Using the nvidia-smi top -mp command displays the GPU and NIC mapping in our system and the paths the data must take. Here is the legend:

X = Self 
SYS = Connection traversing PCIe as well as the SMP interconnect between NUMA nodes (e.g., QPI/UPI) 
NODE = Connection traversing PCIe as well as the interconnect between PCIe Host Bridges within a NUMA node 
PHB = Connection traversing PCIe as well as a PCIe Host Bridge (typically the CPU) 
PXB = Connection traversing multiple PCIe bridges (without traversing the PCIe Host Bridge) 
PIX = Connection traversing at most a single PCIe bridge

From here, we can tell that we would not want to use GPU1 with NIC4 and NIC5 for optimal performance, though this plays a limited role in our synthetic testing.

Quantum Myriad AI Testing

We conducted a technical analysis to evaluate the performance of the Quantum Myriad storage cluster and its impact on real-world AI workloads. Our analysis focused on the cluster’s ability to optimize resource utilization and scale effectively. Throughout this testing, we employed high-end Comino rack workstations equipped with NVIDIA ConnectX-6 200GbE NICs and dual NVIDIA A100 GPUs. These are crucial as they represent a robust testing environment similar to what might be employed in large-scale AI projects.

We leveraged a simple shell script to help create GDS test scripts and parse the output. ASCII Art for Style Points

The primary objective of these tests was to assess the Quantum Myriad cluster’s capability to handle intensive IO operations and how well it can accommodate throughput from high-capacity GPUs, which are critical for AI computations. Given that AI workloads heavily depend on the rapid processing of data sets, the ability of a storage solution to deliver data at speeds that match GPU processing capabilities directly impacts overall system efficiency and performance.

Our primary tool for testing here was NVIDIA’s GPUDirect Storage I/O (GDSIO). GPUDirect is a pivotal technology designed to enhance data transfer efficiencies between storage systems and GPUs, streamlining workflows that are critical in high-performance computing, artificial intelligence, and big data analytics.

This technology enables direct memory access (DMA) from storage directly to GPU memory, in effect bypassing the CPU. This eliminates unnecessary data copies, which reduces latency and improves throughput. GDSIO is the synthetic implementation of GPUDirect and is particularly representative of applications that require rapid processing of large datasets. This includes machine learning model training or real-time data analysis. It also provides profiling and tuning feedback for storage and networking infrastructure.

In the context of storage benchmarking, GDSIO plays a crucial role in accurately assessing the performance of storage solutions in environments heavily utilizing GPUs. By providing a more direct path for data transfer, GDSIO allows for benchmarking to measure the true potential of storage systems in supporting GPU-accelerated applications.

AI Share Configuration

When logging into Myriad, the user is presented with a dashboard that shows a high-level overview of the cluster’s current performance and specifications. Users can easily view telemetry data like IOPS, throughput, latency, and usage.

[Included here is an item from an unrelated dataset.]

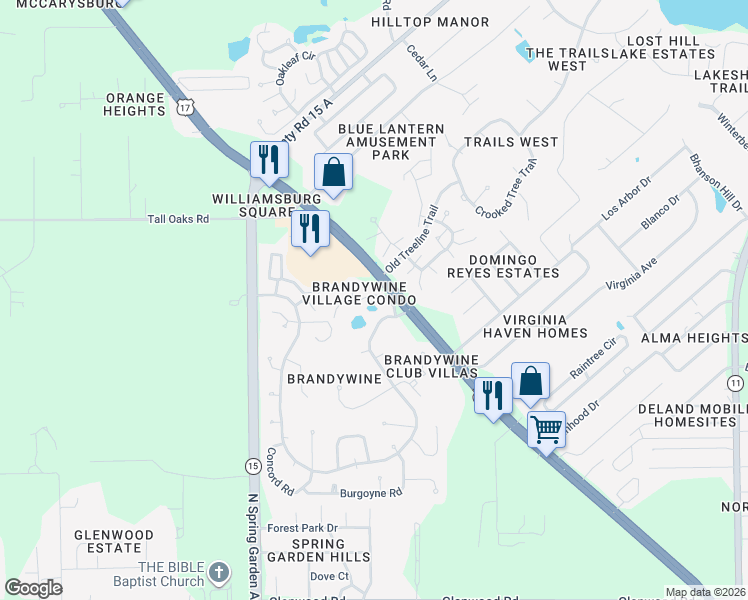 map of restaurants, bars, coffee shops, grocery stores, and more near 915 Village Green Road in DeLand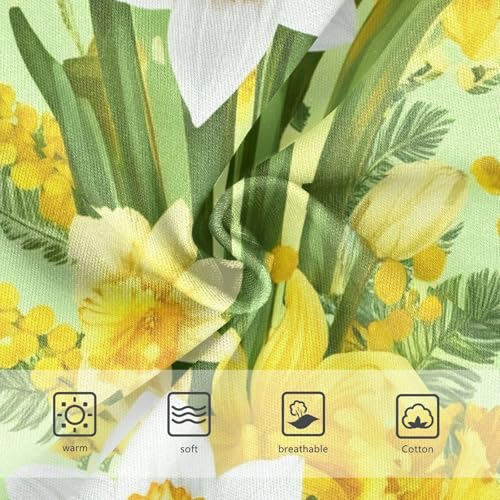 Floral Yellow White Daffodils Green Girl Panties Cute Girls Underwear Toddler Cotton Aesthetic Kids Undies Briefs 2t3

Mousing over any of the charts provides highly detailed performance information.

Looking at the File System screen, the currently configured mount points for shares are intuitively viewable.

The Nodes page is interesting, it shows the physical map of the cluster, controller, and load balancers, along with port activity and NVMe drives.

Clicking on any of the drives shows the status as reported by the host.

Heading to Shares, users can easily configure the shares as needed and get instructions for mounting them in various operating systems.

We worked with Quantum to set up a dedicated NFS share for our testing. These were mounted at /mnt/myriad/

This was achieved using the user-friendly Myriad UI, which offers a straightforward point-and-click configuration setup. During the testing period, the SMB option was in Early Access, while NFS remained the preferred protocol for our Linux-based workload machines.

Our NFS mount point was configured for 500TB of space, but you could use whatever you need by expanding the file system. You can freely overprovision storage with no penalties, and there is no hard limit to sizing. This becomes very interesting when you consider Myriad’s data compression, which essentially reduces the footprint of data on the NVMe SSDs.

With one mount point per host, each GPU has its own sub-folder, using its own NIC to avoid an NFSv4 limitation.

Quantum Myriad AI Results and Analysis

First, let’s look at the overall performance of one of our loadgen runs. This sample of one GPU’s perspective of the storage represents the performance we could see across all nodes/GPUs.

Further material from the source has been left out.